Assigned task → Starting at the line that contains "May include: Two", repeat each line of the listing below through the last one, exactly, and leave out every picture.

═══ Data supplied

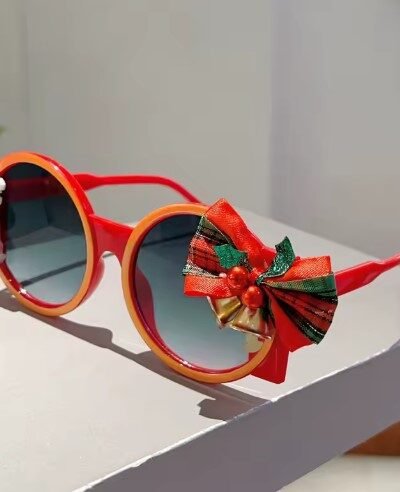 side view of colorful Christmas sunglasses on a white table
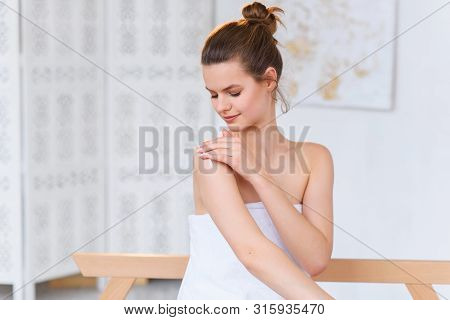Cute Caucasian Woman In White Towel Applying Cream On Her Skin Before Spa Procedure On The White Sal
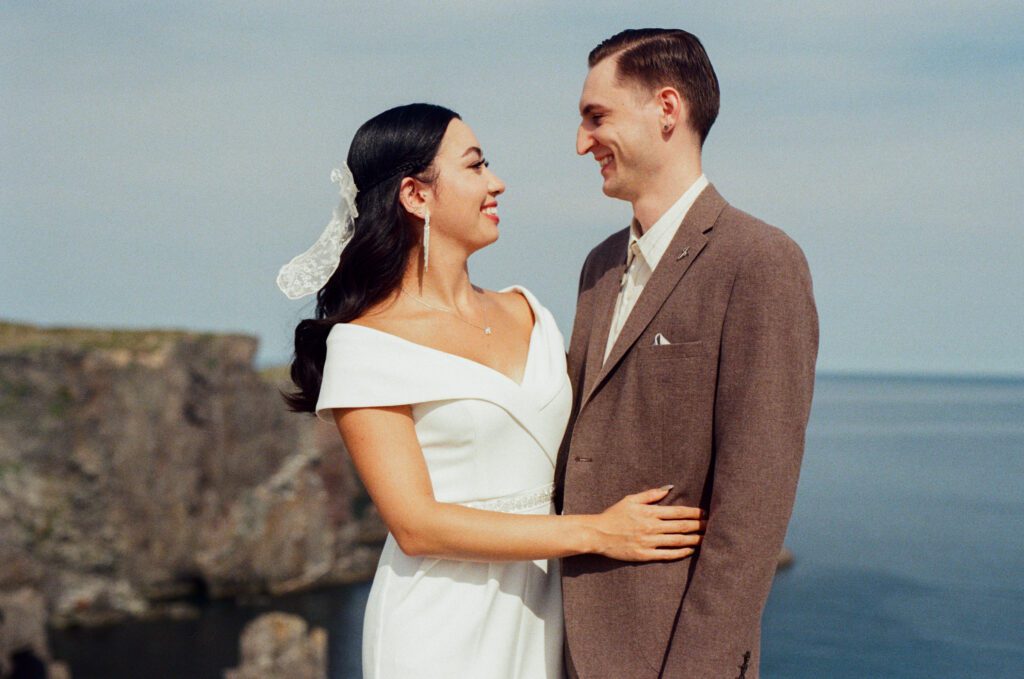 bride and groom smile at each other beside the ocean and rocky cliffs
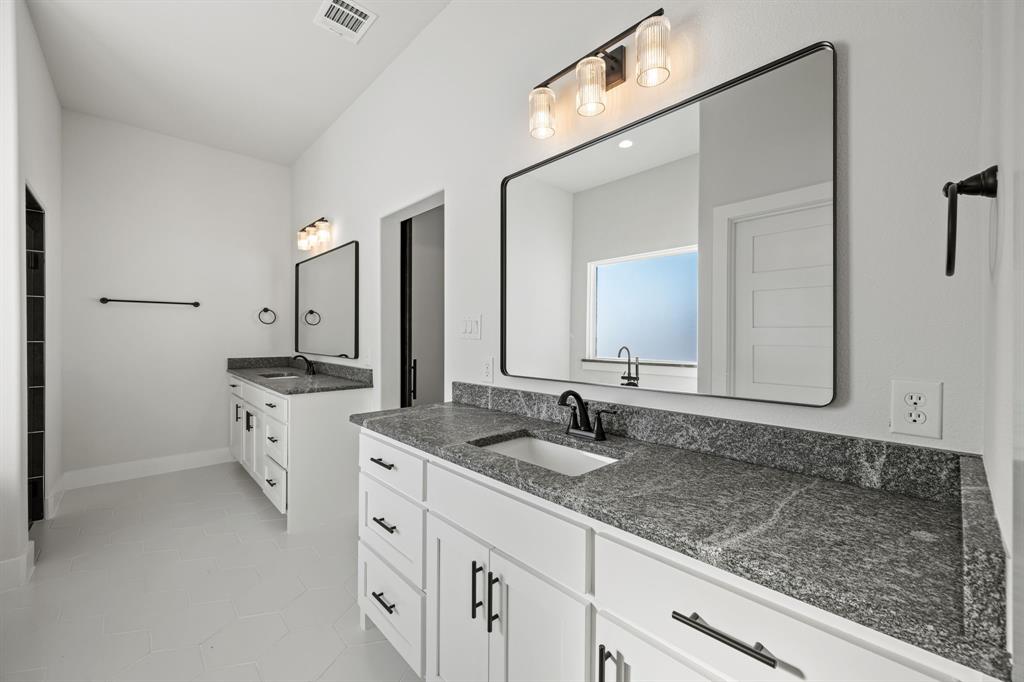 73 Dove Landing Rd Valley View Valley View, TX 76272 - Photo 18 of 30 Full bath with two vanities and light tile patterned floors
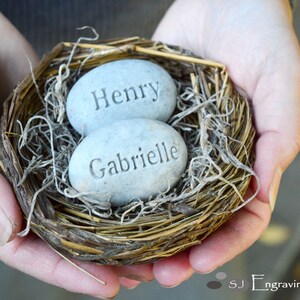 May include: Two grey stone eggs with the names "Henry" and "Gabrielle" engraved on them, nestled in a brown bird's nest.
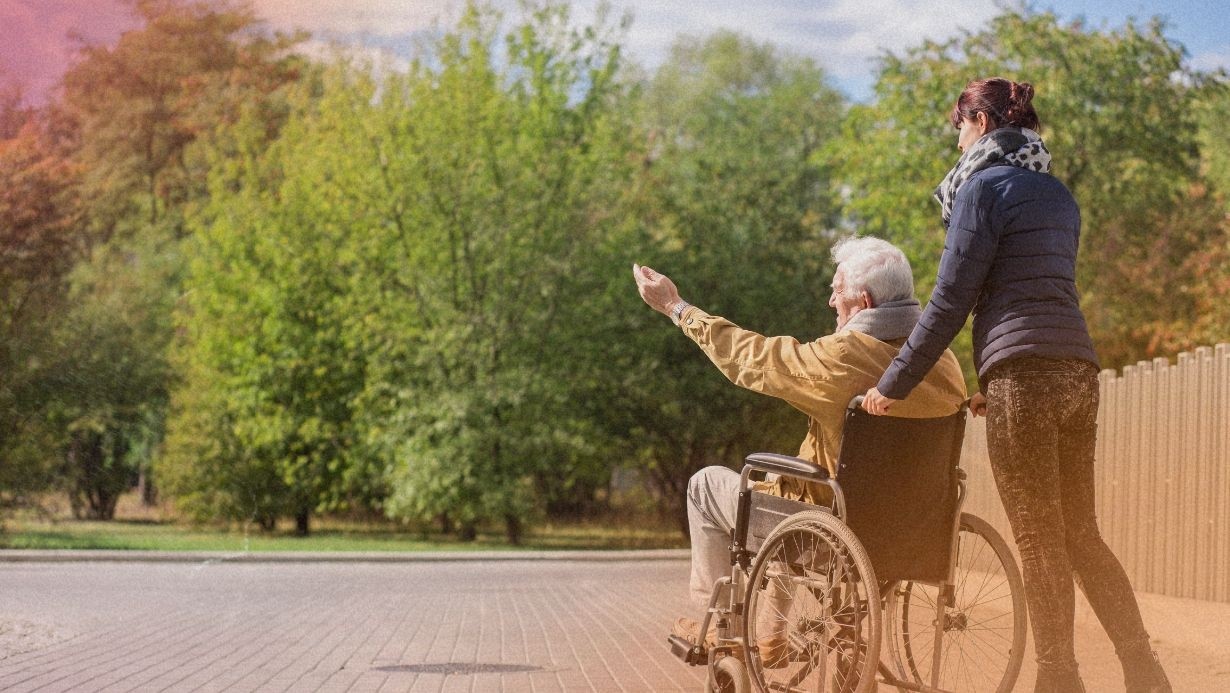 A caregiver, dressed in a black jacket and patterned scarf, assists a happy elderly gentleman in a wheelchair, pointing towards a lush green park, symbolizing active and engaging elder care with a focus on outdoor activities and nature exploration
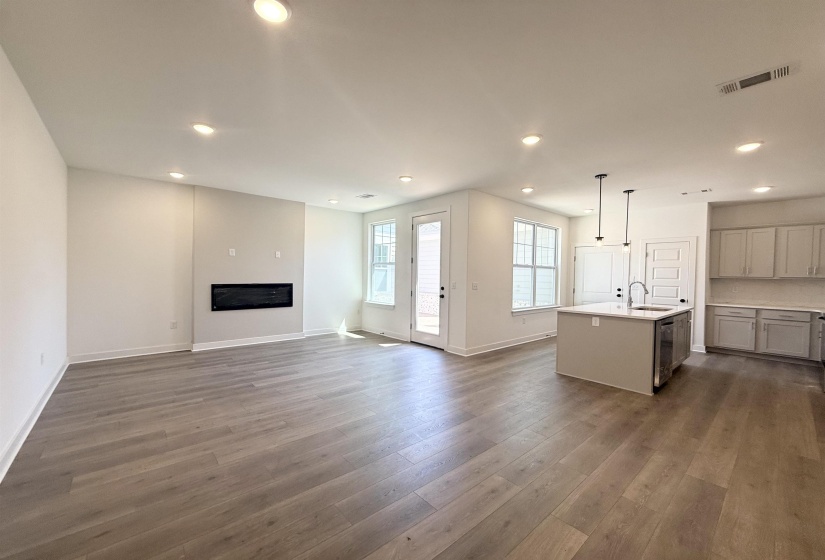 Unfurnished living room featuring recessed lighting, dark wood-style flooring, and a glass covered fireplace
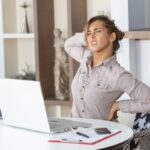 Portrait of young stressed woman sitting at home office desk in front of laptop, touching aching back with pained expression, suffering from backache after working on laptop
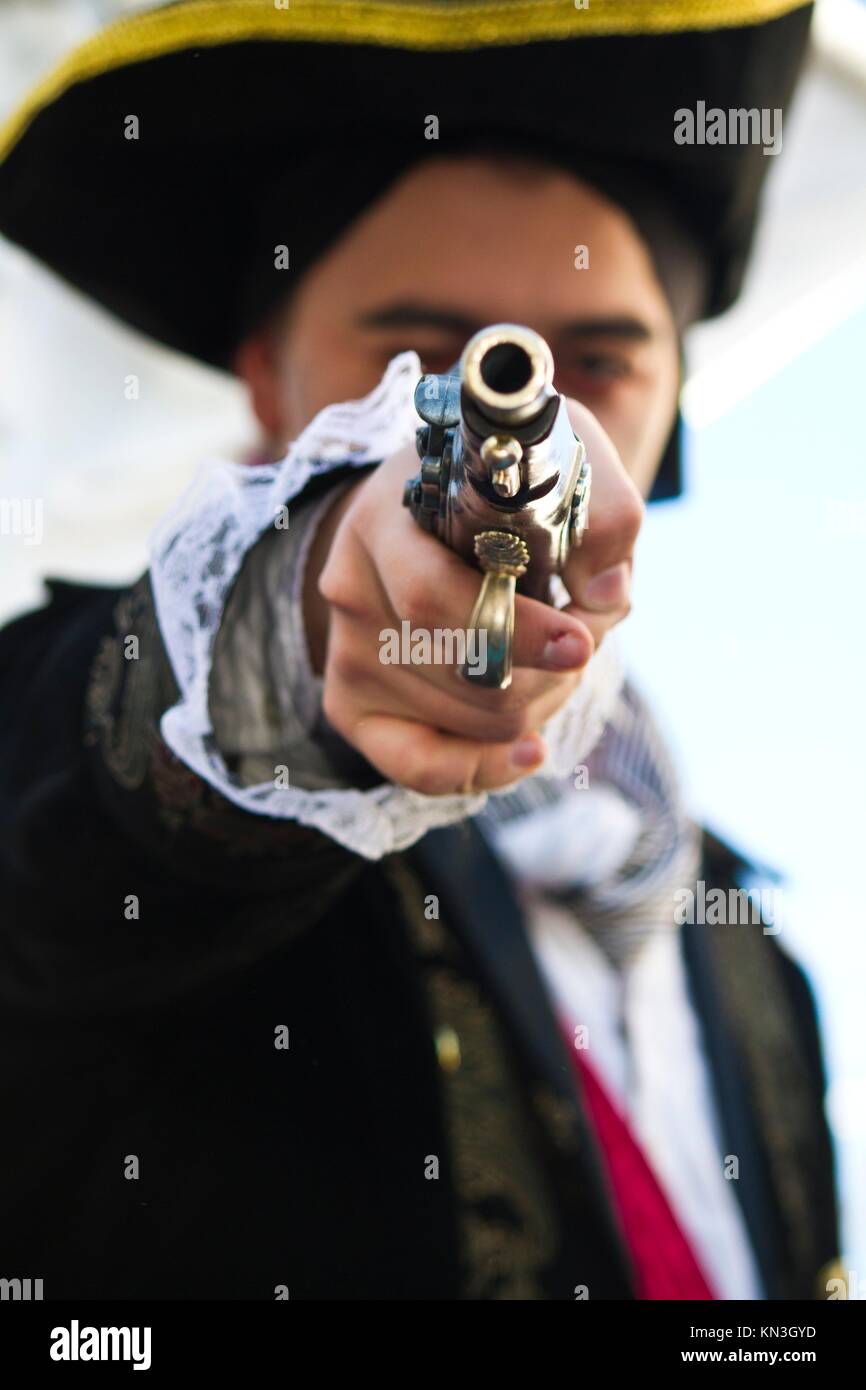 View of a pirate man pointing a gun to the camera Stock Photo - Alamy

══════

Response →
 May include: Two grey stone eggs with the names "Henry" and "Gabrielle" engraved on them, nestled in a brown bird's nest.
 A caregiver, dressed in a black jacket and patterned scarf, assists a happy elderly gentleman in a wheelchair, pointing towards a lush green park, symbolizing active and engaging elder care with a focus on outdoor activities and nature exploration
 Unfurnished living room featuring recessed lighting, dark wood-style flooring, and a glass covered fireplace
 Portrait of young stressed woman sitting at home office desk in front of laptop, touching aching back with pained expression, suffering from backache after working on laptop
 View of a pirate man pointing a gun to the camera Stock Photo - Alamy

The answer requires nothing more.